The second part of the books turns to the operational framework of the principle by demonstrating its polyvalent nature and action from two perspectives, having regard to its dual nature, harmonising and defensive, and its action at all stages of the procedure including the implementation of Court’s judgments.
Assessment
In taking upon himself the Herculean task of grasping and categorizing the principle of effectiveness, Judge Serghides has laid fundamental doctrinal groundwork. With the ECHR and the European standards, it represents in flux as society changes, the principle serves as an important benchmark in effectively protecting individual rights. As the author impressively demonstrates, the principle is of central importance in the entirety of the Court’s work, from preliminary proceedings to implementation.
Judge Serghides pays detailed attention to the Court’s respective case-law, scrutinizing it carefully and systematically. One of his main points of critique is that the Court in its judgments does not describe the principle as a norm of international law inherent in all Convention provisions, but merely treats it as a method of interpretation, and this most of the times not so clearly and explicitly. It remains to be seen whether further scholars, or the Court itself, will follow Judge Serghides’ systematization.

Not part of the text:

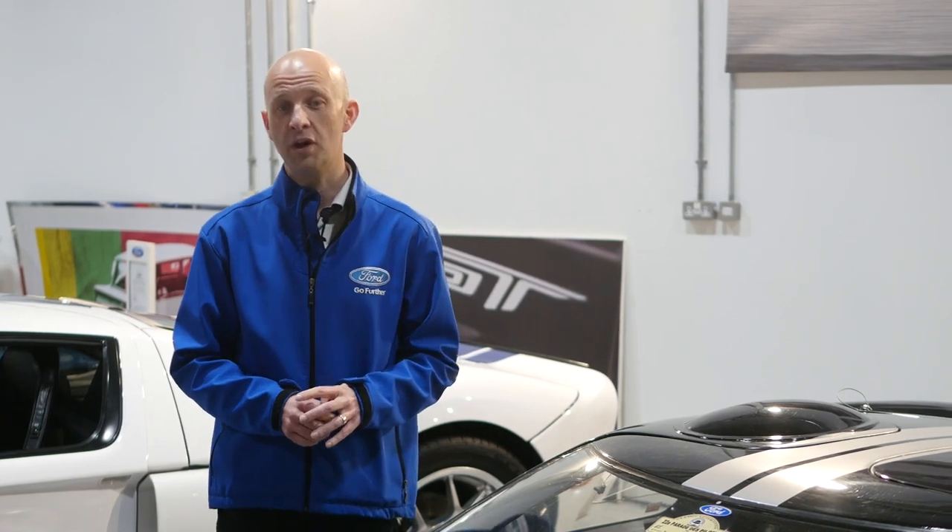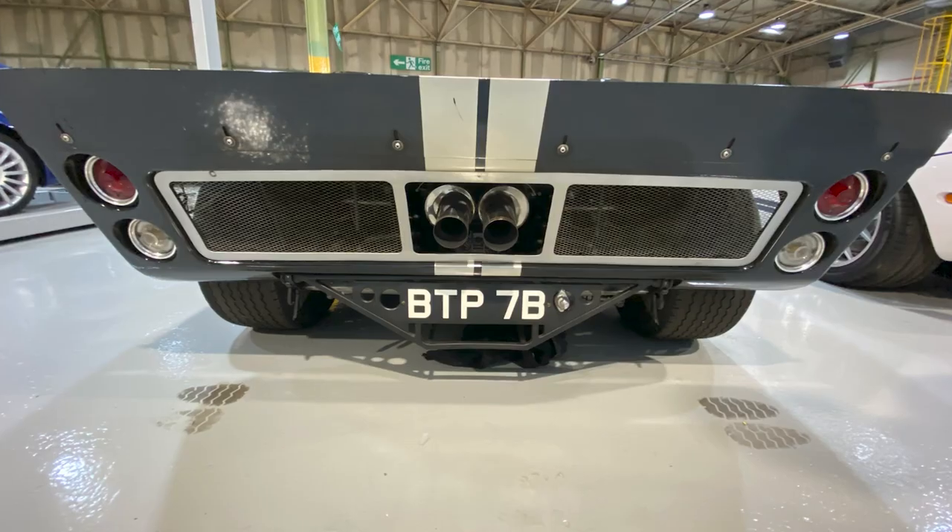Of course, we all know about the fight with Ferrari at Le Mans. It first competed in Le Mans in 1964 before achieving that iconic 1-2-3 finish in 1966, then winning again in 1967. It was after 1967 that Ford withdrew from world endurance racing until 2016 with the current GT.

Throughout the book, Judge Serghides seeks to categorise and systemise dozens if not hundreds of Court judgments as well as scholarly opinions and theories. The book is written in a distinct linguistic style using many colourful analogies and references to Greek Mythology, making it pleasant to read. The book’s target audience are perhaps judges and registry lawyers of the Court as Judge Serghides repeatedly makes his case for the principle to always be dealt with expressly in the Court’s judgments. Nevertheless, the book may be also interesting for a broader audience of legal scholars and practising lawyers dealing with the Convention system and international human rights law in the wider sense. All things considered, the book can be recommended to anyone seeking to study the principle in depth or even just understand individual aspects of it. Curious students will find plenty of material in an area that deserves further research and attention.
Dr Daniel Rietiker is a Senior Lawyer at the European Court of Human Rights, a part-time Lecturer in Public International Law at the University of Lausanne (Switzerland) and an Adjunct Professor at Suffolk University Law School (Boston, Massachusetts).
Sofie Steller was a trainee at the European Court of Human Rights, where she assisted the Judge in respect of Switzerland as well as the Swiss registry lawyers in their work.